Tuesday, August 4, 2015

Reading Ahead: September 2015, part 1

I know this post is going to get some mixed reactions. This time of year always does. So let me say this. If summer is 100% your time of year, I'm sorry. And if you're not a person who likes the heat and instead you're looking forward to autumn, you're welcome.

Now that that's out of the way, here are some thrillers to look forward to as we head into next month.



Pretty Girls, by Karin Slaughter. If you've been waiting for a new book from Slaughter and feeling like it's been awhile, you're not alone--Cop Town came out back in June of 2014. Pretty Girls was initially slated for summer release, but the publishers pushed it back. Why? Who can say. But what I can say is that I'm looking forward to reading this, a stand-alone novel.

More than twenty years ago, Claire and Lydia's teenaged sister Julia vanished without a trace. The two women have not spoken since, and now their lives could not be more different. Claire is the glamorous trophy wife of an Atlanta millionaire. Lydia, a single mother, dates an ex-con and struggles to make ends meet. But neither has recovered from the horror and heartbreak of their shared loss—a devastating wound that's cruelly ripped open when Claire's husband is killed.
The disappearance of a teenage girl and the murder of a middle-aged man, almost a quarter-century apart: what could connect them? Forming a wary truce, the surviving sisters look to the past to find the truth, unearthing the secrets that destroyed their family all those years ago

Make Me, by Lee Child. Child's Jack Reacher series is hugely popular, so if you're a thriller reader who is looking for a new author and you haven't tried these, you're missing out! (Book one is The Killing Floor, if you're interested in starting at the beginning.) “Why is this town called Mother’s Rest?” That’s all Reacher wants to know. But no one will tell him.

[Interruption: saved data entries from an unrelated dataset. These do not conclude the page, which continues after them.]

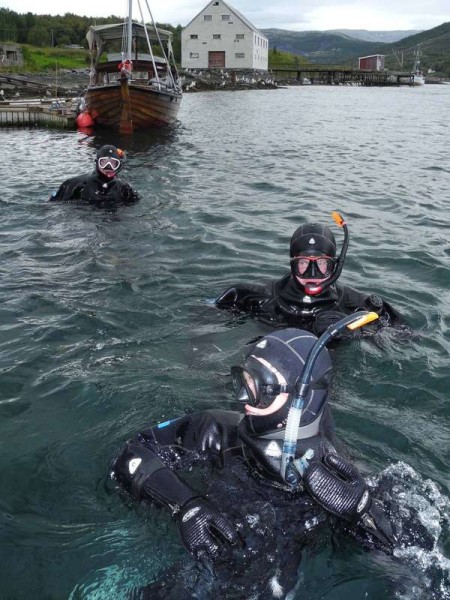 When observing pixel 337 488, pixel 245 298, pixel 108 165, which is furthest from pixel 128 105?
pixel 337 488

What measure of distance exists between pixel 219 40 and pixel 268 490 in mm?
77413

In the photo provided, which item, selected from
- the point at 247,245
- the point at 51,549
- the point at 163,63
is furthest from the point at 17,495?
the point at 163,63

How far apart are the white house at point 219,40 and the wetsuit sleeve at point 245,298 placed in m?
72.9

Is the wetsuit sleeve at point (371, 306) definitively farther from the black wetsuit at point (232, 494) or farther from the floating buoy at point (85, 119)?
the floating buoy at point (85, 119)

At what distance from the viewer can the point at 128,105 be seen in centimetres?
2455

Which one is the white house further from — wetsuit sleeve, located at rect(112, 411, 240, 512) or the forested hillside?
wetsuit sleeve, located at rect(112, 411, 240, 512)

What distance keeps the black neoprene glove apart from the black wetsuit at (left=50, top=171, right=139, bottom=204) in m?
9.24

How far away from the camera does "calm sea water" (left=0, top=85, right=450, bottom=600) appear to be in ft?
11.8

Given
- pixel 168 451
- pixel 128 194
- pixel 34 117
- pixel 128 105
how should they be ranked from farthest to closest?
1. pixel 34 117
2. pixel 128 105
3. pixel 128 194
4. pixel 168 451

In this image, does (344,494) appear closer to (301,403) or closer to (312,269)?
(301,403)

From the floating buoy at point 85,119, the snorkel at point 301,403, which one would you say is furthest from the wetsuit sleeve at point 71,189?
the floating buoy at point 85,119

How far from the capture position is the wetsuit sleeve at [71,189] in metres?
11.6

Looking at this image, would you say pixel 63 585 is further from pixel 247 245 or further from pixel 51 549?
pixel 247 245

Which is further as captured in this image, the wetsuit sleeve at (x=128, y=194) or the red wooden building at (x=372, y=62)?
the red wooden building at (x=372, y=62) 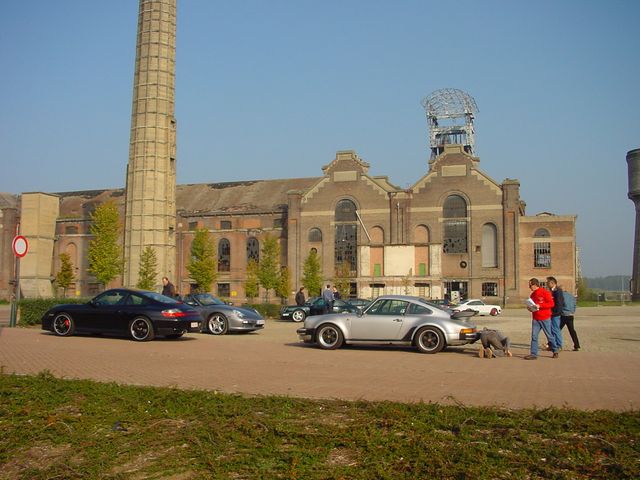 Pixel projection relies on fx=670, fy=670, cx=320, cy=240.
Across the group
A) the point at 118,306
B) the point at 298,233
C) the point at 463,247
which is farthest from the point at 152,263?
the point at 118,306

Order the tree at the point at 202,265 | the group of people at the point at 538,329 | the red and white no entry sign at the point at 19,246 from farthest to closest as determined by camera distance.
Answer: the tree at the point at 202,265, the red and white no entry sign at the point at 19,246, the group of people at the point at 538,329

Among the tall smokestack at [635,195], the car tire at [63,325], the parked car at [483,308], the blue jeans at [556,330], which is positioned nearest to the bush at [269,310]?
the parked car at [483,308]

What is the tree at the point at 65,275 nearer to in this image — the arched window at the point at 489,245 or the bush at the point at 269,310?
the bush at the point at 269,310

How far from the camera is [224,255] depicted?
70.2 meters

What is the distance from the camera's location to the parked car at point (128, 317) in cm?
1755

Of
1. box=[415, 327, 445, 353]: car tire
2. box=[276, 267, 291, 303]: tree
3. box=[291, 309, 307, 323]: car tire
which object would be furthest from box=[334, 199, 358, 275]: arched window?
box=[415, 327, 445, 353]: car tire

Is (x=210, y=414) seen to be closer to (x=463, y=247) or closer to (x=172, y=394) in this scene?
(x=172, y=394)

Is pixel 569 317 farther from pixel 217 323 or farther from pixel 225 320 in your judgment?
pixel 217 323

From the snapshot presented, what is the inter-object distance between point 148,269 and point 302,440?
153ft

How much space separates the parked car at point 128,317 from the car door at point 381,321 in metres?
4.63

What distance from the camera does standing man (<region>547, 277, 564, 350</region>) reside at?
15570 millimetres

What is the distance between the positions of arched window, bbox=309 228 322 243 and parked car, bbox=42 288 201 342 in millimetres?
46437

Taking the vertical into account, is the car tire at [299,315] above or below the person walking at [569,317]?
below

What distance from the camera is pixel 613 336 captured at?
21.3 metres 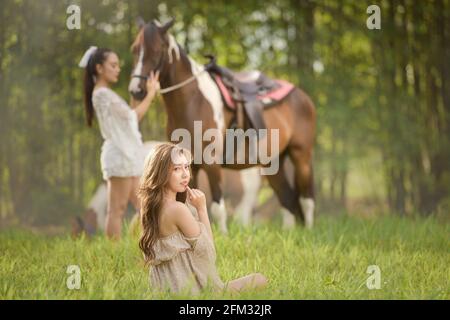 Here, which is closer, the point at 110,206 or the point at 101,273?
the point at 101,273

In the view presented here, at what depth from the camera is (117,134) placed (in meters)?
5.82

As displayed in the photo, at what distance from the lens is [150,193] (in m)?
3.69

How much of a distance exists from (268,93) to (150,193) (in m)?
3.76

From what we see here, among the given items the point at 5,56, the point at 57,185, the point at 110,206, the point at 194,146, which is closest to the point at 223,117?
the point at 194,146

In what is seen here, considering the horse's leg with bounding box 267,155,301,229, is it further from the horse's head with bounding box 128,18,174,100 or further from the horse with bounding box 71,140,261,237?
the horse's head with bounding box 128,18,174,100

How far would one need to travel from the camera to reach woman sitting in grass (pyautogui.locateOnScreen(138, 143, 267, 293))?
3.65 metres

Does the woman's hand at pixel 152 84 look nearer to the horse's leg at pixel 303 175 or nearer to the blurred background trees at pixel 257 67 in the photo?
the horse's leg at pixel 303 175

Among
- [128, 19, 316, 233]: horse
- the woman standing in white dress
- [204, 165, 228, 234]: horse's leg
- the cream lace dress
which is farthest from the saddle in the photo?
the cream lace dress

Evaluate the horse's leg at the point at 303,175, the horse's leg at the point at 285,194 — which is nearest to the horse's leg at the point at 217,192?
the horse's leg at the point at 285,194

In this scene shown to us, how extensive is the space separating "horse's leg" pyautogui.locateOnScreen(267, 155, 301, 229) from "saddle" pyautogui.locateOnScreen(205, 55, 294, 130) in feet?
2.84

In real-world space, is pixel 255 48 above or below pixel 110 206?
above

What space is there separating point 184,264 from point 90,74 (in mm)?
2761

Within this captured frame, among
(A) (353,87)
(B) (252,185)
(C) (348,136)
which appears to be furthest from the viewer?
(C) (348,136) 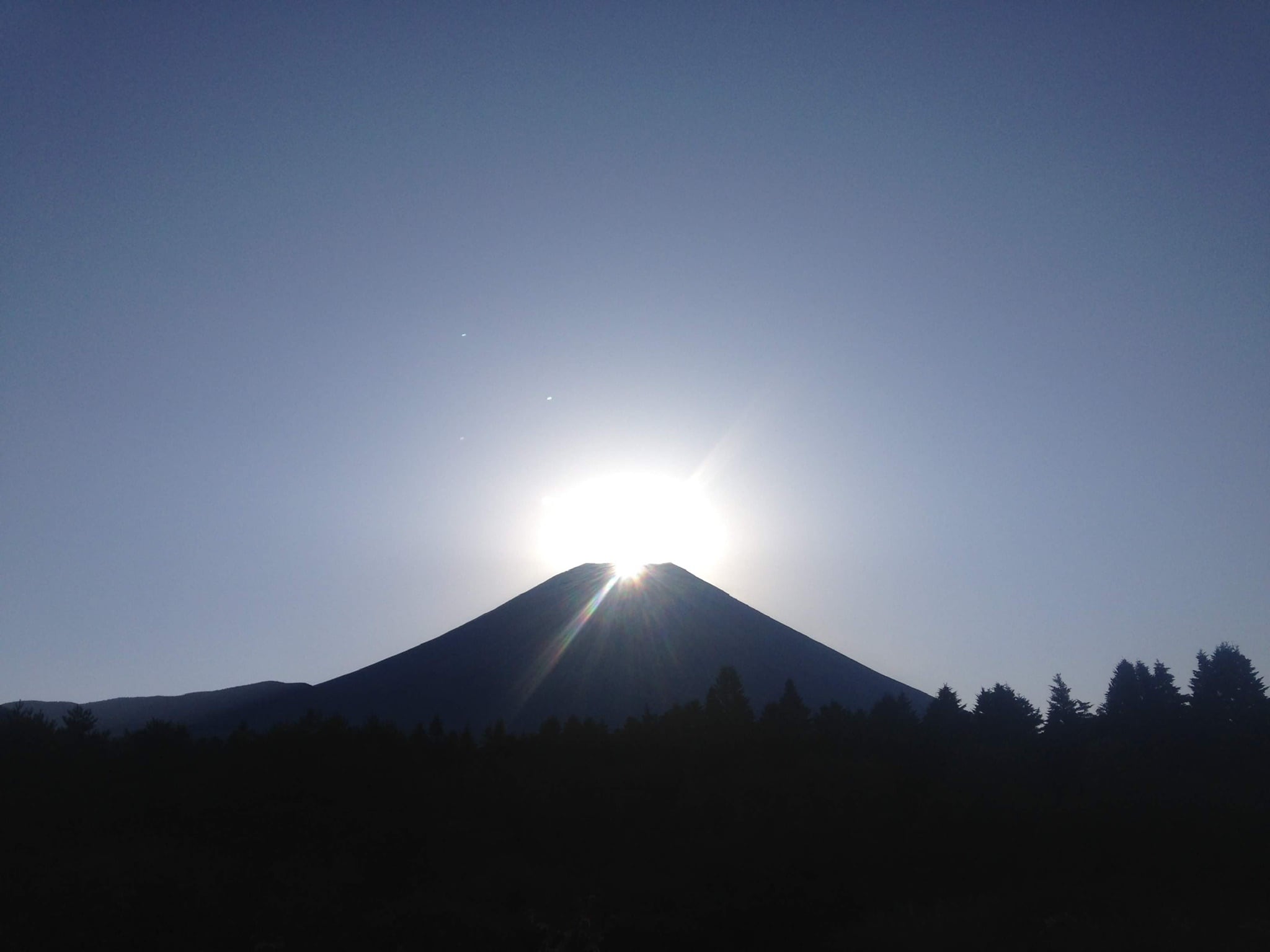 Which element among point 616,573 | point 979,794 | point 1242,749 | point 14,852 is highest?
point 616,573

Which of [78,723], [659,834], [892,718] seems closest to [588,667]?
[78,723]

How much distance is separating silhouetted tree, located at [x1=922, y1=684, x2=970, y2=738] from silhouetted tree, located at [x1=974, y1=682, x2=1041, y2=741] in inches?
43.8

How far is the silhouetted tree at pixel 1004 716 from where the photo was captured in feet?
206

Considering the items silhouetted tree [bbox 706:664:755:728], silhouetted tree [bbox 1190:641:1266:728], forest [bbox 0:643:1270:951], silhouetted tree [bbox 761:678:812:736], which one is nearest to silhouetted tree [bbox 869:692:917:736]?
forest [bbox 0:643:1270:951]

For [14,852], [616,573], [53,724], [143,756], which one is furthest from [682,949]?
[616,573]

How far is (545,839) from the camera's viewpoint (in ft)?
124

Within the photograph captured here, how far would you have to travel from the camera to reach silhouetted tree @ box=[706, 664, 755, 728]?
57.5 metres

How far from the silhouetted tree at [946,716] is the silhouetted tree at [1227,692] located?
16.5m

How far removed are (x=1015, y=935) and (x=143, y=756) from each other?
5426 cm

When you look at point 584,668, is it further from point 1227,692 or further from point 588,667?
point 1227,692

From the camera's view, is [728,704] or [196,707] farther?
[196,707]

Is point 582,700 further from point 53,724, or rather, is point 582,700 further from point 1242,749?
point 1242,749

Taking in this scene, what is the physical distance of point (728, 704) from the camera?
61781 mm

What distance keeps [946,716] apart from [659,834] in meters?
37.5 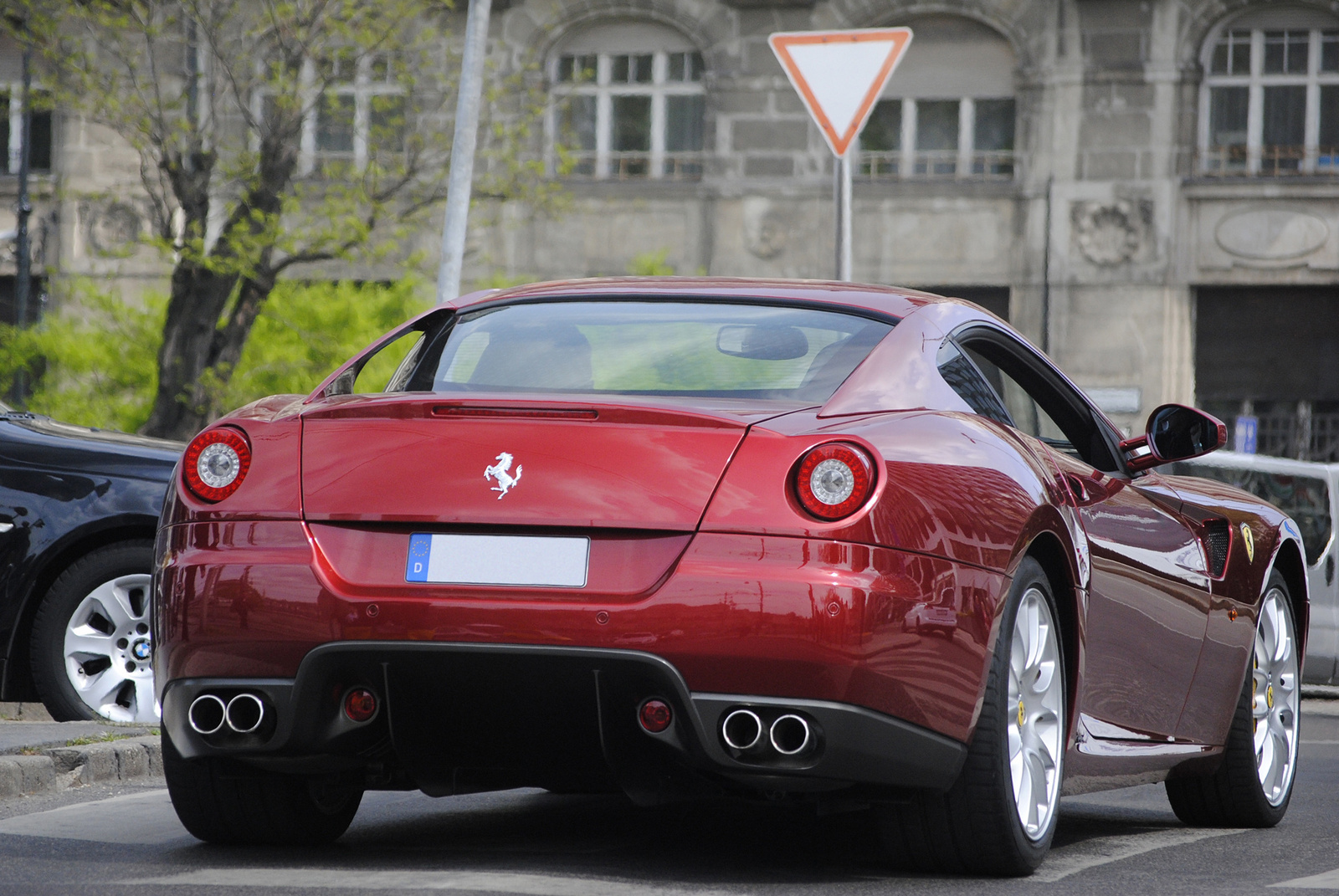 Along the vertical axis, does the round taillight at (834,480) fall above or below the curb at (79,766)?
above

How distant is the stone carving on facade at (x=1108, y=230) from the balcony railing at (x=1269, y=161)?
1.14m

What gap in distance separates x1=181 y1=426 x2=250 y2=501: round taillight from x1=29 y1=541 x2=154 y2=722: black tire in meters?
3.47

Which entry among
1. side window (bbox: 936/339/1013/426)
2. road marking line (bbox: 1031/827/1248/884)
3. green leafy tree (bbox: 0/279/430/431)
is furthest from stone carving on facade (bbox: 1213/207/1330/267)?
side window (bbox: 936/339/1013/426)

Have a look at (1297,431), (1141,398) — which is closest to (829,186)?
(1141,398)

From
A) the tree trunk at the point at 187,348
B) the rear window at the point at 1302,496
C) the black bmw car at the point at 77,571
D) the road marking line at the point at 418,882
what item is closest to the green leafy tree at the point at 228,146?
the tree trunk at the point at 187,348

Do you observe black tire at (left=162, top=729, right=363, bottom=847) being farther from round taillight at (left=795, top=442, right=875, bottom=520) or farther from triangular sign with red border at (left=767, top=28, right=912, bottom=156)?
triangular sign with red border at (left=767, top=28, right=912, bottom=156)

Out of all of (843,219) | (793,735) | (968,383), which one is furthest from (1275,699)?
(843,219)

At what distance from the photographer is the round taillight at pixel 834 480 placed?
4.12m

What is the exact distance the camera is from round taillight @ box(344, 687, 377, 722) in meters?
4.32

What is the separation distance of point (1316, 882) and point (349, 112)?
16.1 meters

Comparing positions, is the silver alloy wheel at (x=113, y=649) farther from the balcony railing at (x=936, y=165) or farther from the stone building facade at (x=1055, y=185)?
the balcony railing at (x=936, y=165)

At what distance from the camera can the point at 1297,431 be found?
90.9 ft

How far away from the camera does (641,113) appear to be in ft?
94.7

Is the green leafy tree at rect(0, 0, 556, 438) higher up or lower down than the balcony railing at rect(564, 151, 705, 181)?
lower down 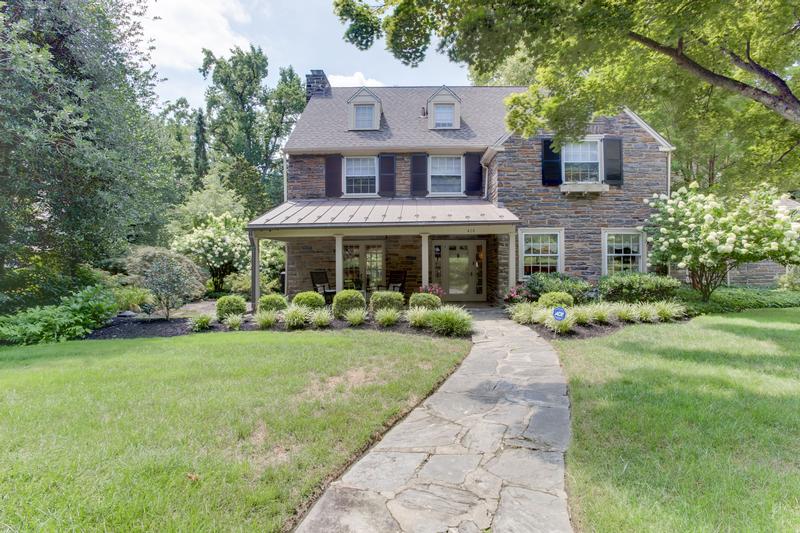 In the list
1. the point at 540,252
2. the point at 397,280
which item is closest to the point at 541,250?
the point at 540,252

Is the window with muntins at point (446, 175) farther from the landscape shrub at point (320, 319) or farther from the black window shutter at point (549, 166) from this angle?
the landscape shrub at point (320, 319)

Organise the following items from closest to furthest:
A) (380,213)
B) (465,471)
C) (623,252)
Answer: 1. (465,471)
2. (380,213)
3. (623,252)

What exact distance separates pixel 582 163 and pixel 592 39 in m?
8.09

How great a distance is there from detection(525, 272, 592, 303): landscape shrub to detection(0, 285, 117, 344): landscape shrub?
1101cm

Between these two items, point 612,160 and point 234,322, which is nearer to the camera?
point 234,322

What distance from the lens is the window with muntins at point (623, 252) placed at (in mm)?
12078

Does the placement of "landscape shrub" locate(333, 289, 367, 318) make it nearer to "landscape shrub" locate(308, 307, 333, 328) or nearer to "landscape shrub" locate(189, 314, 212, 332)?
"landscape shrub" locate(308, 307, 333, 328)

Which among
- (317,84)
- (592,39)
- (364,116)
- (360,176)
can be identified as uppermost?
(317,84)

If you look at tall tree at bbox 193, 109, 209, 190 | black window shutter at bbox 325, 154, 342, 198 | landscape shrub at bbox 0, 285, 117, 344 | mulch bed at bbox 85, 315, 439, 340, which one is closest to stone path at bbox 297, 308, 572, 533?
mulch bed at bbox 85, 315, 439, 340

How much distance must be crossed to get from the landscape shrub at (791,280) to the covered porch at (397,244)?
34.2ft

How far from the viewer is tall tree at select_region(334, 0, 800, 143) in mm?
4496

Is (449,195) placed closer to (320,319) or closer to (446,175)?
(446,175)

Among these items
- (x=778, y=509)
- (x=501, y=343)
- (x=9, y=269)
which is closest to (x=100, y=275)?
(x=9, y=269)

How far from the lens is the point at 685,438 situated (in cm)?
328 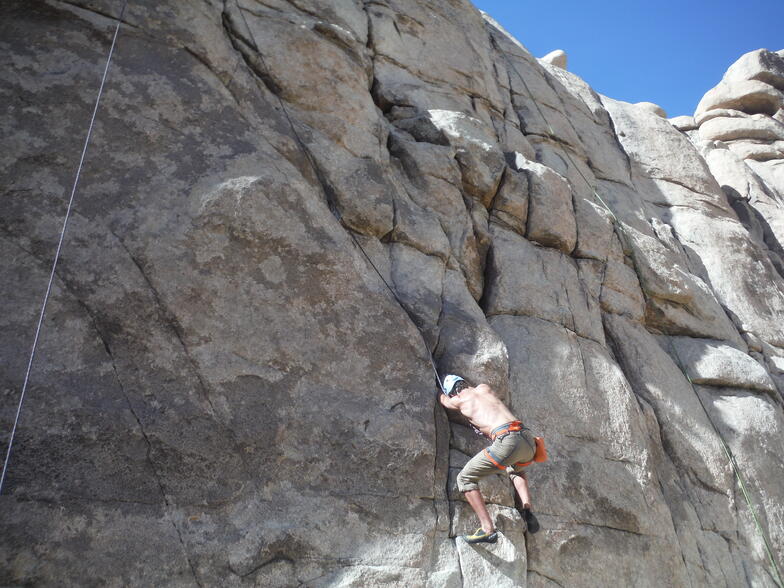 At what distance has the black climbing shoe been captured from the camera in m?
5.42

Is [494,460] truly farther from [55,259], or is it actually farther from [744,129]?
[744,129]

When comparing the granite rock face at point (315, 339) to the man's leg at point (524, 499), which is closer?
the granite rock face at point (315, 339)

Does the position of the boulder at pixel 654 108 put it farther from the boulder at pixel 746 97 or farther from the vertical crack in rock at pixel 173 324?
the vertical crack in rock at pixel 173 324

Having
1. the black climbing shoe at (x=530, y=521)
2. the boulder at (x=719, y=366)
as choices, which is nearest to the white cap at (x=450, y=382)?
the black climbing shoe at (x=530, y=521)

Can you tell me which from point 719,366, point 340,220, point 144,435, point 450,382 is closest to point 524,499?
point 450,382

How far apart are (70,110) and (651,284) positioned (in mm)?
7840

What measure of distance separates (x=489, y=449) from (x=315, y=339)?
71.0 inches

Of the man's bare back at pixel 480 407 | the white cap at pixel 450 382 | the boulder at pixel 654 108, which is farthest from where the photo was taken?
the boulder at pixel 654 108

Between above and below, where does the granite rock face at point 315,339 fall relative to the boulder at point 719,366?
below

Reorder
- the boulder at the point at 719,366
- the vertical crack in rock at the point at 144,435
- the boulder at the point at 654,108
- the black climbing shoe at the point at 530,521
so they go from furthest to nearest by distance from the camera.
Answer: the boulder at the point at 654,108, the boulder at the point at 719,366, the black climbing shoe at the point at 530,521, the vertical crack in rock at the point at 144,435

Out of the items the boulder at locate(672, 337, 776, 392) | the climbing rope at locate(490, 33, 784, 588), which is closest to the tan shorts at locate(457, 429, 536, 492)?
the climbing rope at locate(490, 33, 784, 588)

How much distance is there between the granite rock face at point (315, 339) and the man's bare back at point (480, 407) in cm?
25

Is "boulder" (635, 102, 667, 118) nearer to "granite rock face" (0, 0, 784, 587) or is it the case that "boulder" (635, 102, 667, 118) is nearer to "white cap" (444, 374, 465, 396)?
"granite rock face" (0, 0, 784, 587)

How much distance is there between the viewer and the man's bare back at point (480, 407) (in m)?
5.54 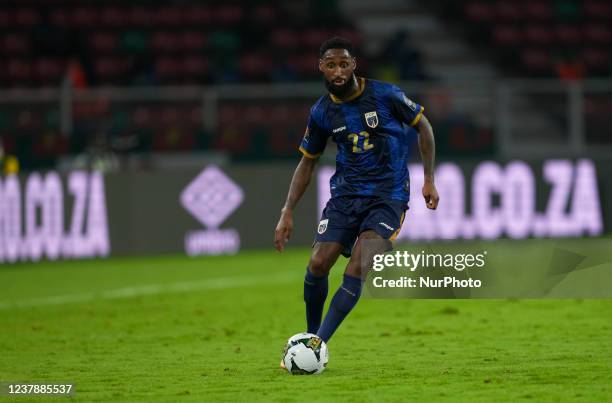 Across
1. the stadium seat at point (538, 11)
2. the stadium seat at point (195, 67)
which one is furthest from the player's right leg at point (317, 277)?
the stadium seat at point (538, 11)

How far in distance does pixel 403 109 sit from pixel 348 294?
1330 millimetres

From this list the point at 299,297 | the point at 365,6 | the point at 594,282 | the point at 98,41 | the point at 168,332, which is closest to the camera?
the point at 594,282

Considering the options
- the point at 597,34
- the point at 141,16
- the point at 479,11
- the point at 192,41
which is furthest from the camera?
the point at 479,11

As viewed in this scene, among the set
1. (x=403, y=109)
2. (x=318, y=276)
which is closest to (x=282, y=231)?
(x=318, y=276)

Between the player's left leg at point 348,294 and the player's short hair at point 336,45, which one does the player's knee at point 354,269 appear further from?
the player's short hair at point 336,45

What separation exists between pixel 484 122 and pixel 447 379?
12.4 metres

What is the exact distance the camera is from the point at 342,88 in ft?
27.1

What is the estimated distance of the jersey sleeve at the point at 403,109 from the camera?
332 inches

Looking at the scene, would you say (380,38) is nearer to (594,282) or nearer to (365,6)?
(365,6)

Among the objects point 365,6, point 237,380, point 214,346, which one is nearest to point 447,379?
point 237,380

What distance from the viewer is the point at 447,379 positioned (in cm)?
774

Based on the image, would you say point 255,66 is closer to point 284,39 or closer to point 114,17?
point 284,39

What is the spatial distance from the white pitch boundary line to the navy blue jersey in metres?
6.10

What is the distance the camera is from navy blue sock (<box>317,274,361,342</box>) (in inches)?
319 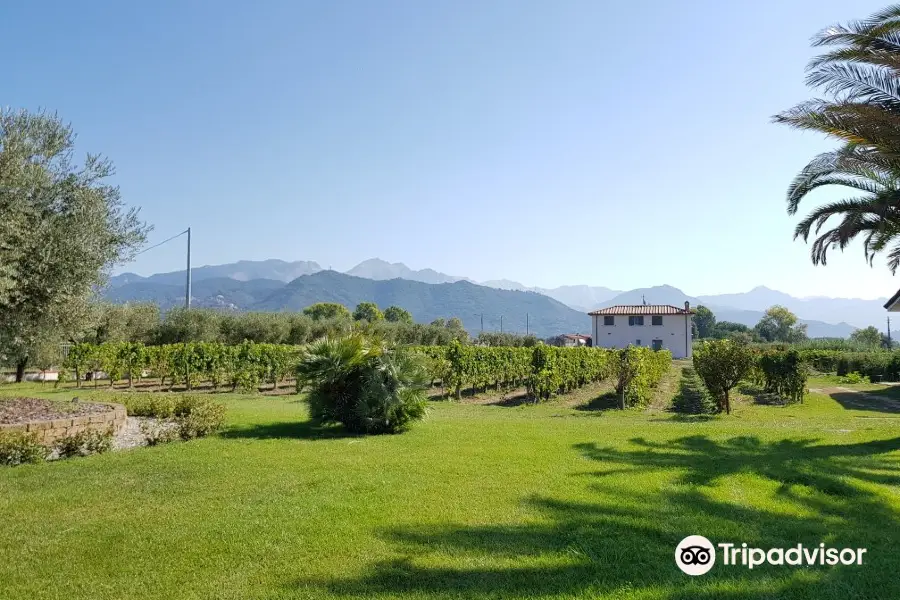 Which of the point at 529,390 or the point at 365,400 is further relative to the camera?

It’s a tiny place hidden in a thousand square miles of wheat fields, with a railroad stop, and sullen and watchful people, and a worried woman named Michelle Chang, who mistakes him for someone else: her missing partner in a private investigation she thinks must have started small and then turned lethal.
Reacher has no particular place to go, and all the time in the world to get there, and there’s something about Chang . . . so he teams up with her and starts to ask around. He thinks: How bad can this thing be? But before long he’s plunged into a desperate race through LA, Chicago, Phoenix, and San Francisco, and through the hidden parts of the internet, up against thugs and assassins every step of the way—right back to where he started, in Mother’s Rest, where he must confront the worst nightmare he could imagine.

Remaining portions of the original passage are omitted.